[Data provided]:
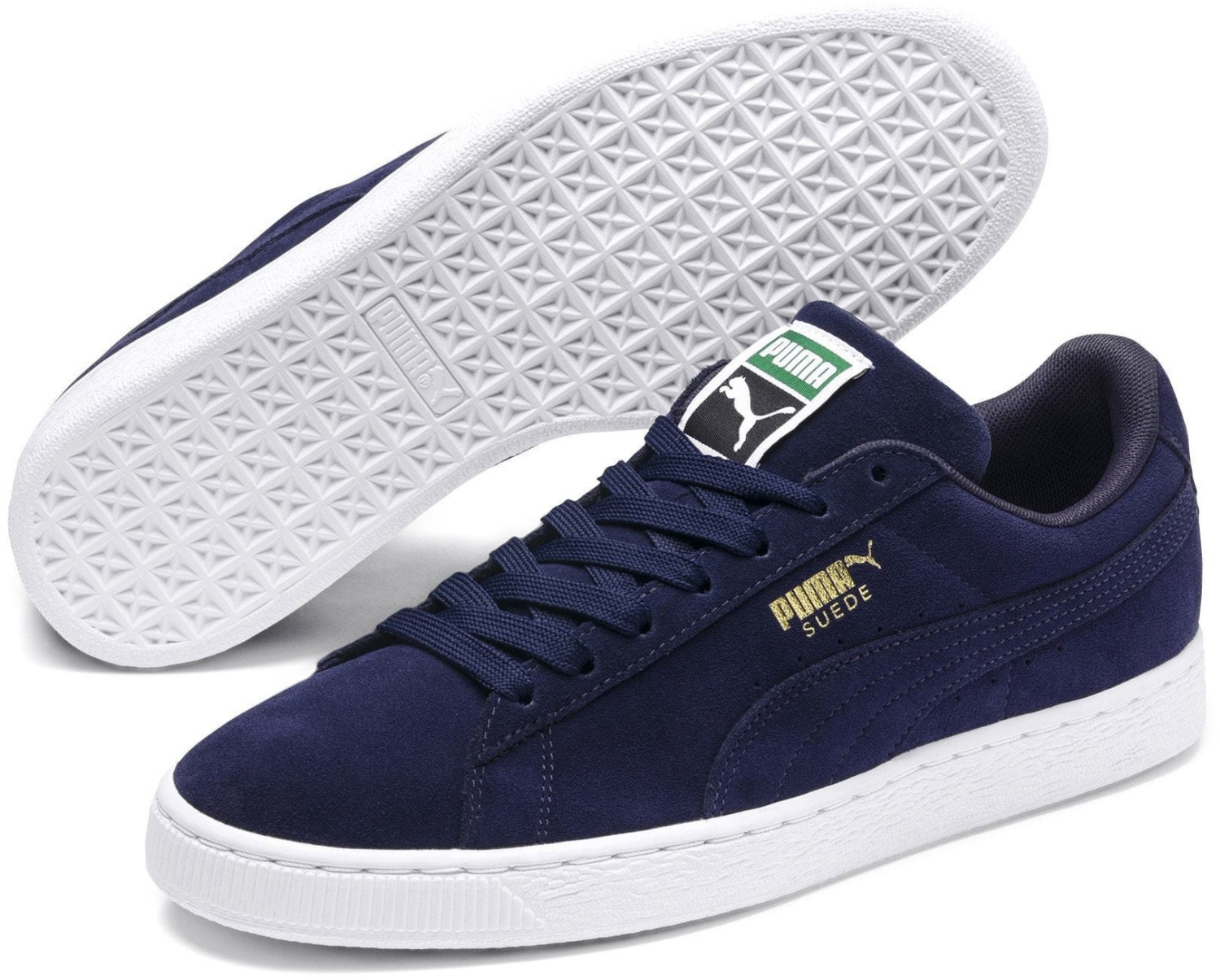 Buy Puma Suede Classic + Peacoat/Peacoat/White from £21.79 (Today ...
* * *
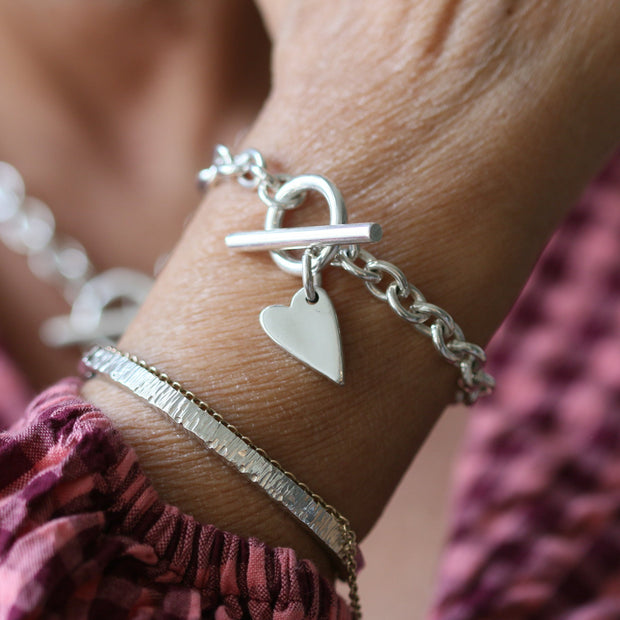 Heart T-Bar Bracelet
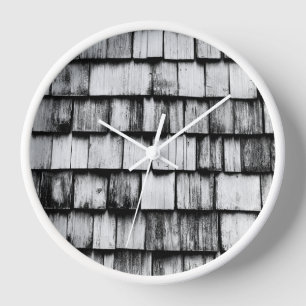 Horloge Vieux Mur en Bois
---
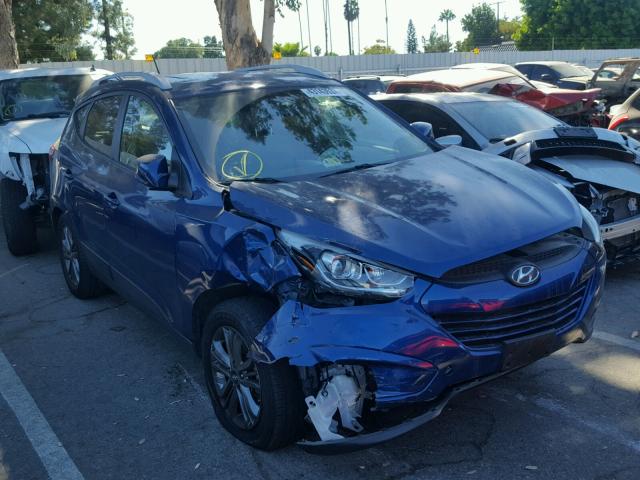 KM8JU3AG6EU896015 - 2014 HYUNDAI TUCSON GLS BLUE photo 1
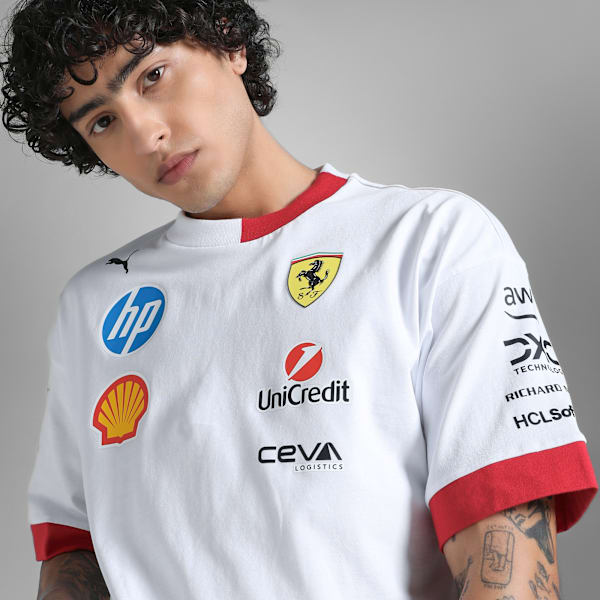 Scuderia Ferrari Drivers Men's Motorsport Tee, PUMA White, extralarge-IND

[Work task]:
From the records above, give again only the part that opens with the line containing "KM8JU3AG6EU896015 - 2014" and closes with the line containing "Scuderia Ferrari Drivers". Keep both ends but drop the pictures.

[Task output]:
 KM8JU3AG6EU896015 - 2014 HYUNDAI TUCSON GLS BLUE photo 1
 Scuderia Ferrari Drivers Men's Motorsport Tee, PUMA White, extralarge-IND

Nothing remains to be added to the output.